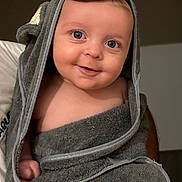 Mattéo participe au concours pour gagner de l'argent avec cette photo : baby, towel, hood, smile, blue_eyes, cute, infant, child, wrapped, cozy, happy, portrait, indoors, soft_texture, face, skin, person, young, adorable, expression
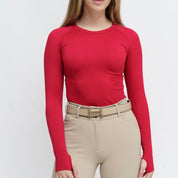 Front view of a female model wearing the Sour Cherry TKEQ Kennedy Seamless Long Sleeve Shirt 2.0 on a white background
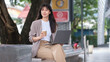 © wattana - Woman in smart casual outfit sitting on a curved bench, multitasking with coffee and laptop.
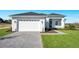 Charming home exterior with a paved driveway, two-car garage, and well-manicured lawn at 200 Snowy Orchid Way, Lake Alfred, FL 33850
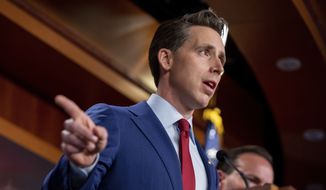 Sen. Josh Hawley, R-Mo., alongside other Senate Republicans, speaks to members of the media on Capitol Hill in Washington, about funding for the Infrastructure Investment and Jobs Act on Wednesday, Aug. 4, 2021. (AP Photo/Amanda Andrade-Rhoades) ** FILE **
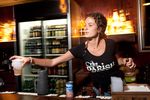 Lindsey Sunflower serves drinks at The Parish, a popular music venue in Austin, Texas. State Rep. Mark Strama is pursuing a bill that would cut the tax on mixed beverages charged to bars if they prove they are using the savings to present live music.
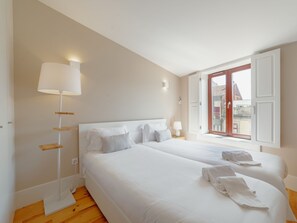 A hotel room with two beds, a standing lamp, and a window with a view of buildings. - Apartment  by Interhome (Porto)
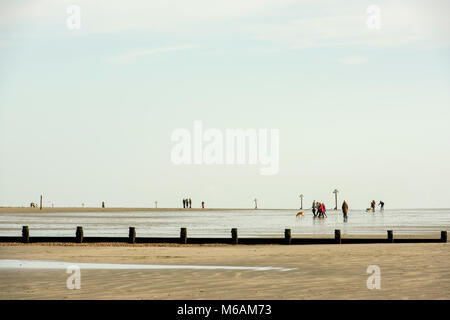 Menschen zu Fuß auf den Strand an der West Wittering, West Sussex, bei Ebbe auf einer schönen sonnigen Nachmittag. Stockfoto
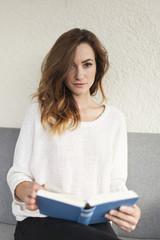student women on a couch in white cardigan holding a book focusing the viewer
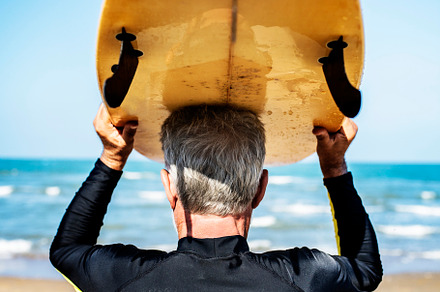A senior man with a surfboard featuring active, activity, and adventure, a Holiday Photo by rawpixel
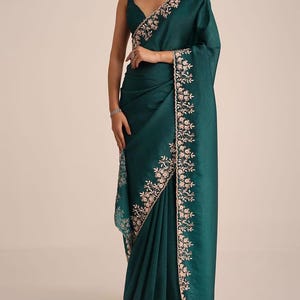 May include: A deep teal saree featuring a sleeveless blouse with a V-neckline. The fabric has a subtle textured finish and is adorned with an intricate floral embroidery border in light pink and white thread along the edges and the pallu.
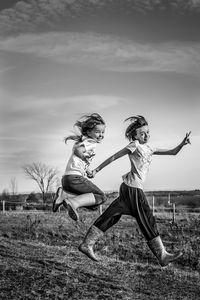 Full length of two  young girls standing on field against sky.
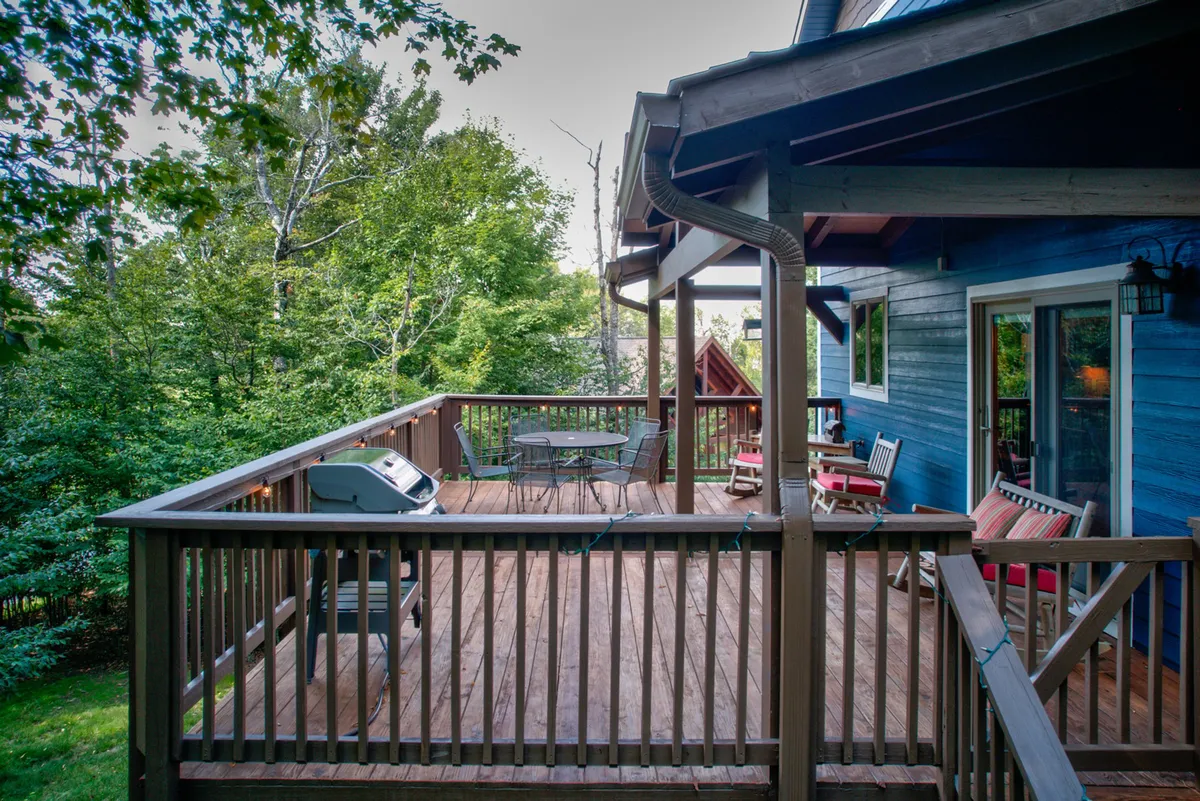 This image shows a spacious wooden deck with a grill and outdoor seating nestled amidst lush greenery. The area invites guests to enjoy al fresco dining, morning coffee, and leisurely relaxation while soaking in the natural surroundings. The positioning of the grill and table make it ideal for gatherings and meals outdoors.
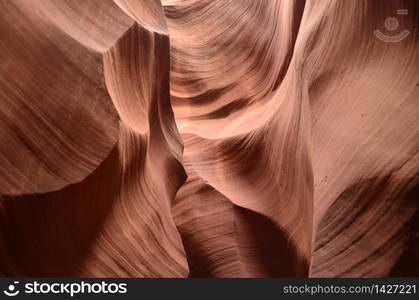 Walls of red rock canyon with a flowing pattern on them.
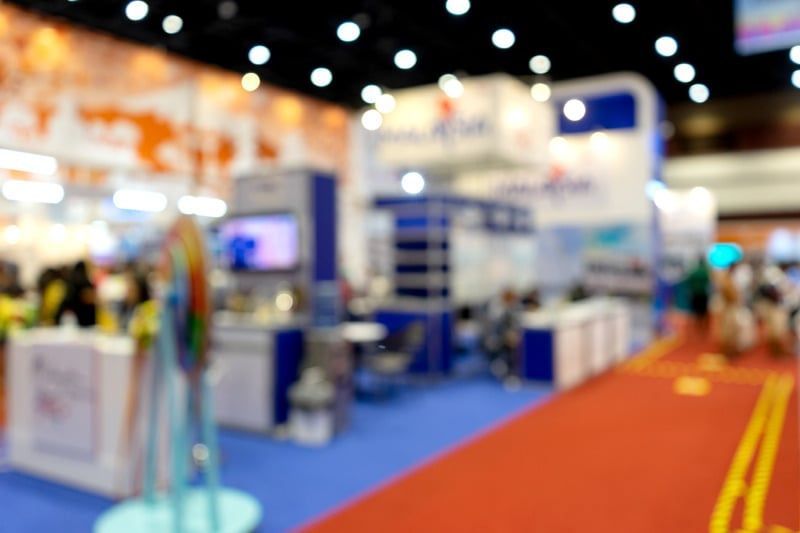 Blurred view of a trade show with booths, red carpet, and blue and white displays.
========
_What you have to do:_
What is needed is an exact repetition of every line from the line with "student women on" to the end of the data above, both ends included, with no pictures.

_Answer space:_
student women on a couch in white cardigan holding a book focusing the viewer
A senior man with a surfboard featuring active, activity, and adventure, a Holiday Photo by rawpixel
 May include: A deep teal saree featuring a sleeveless blouse with a V-neckline. The fabric has a subtle textured finish and is adorned with an intricate floral embroidery border in light pink and white thread along the edges and the pallu.
 Full length of two  young girls standing on field against sky.
 This image shows a spacious wooden deck with a grill and outdoor seating nestled amidst lush greenery. The area invites guests to enjoy al fresco dining, morning coffee, and leisurely relaxation while soaking in the natural surroundings. The positioning of the grill and table make it ideal for gatherings and meals outdoors.
 Walls of red rock canyon with a flowing pattern on them.
 Blurred view of a trade show with booths, red carpet, and blue and white displays.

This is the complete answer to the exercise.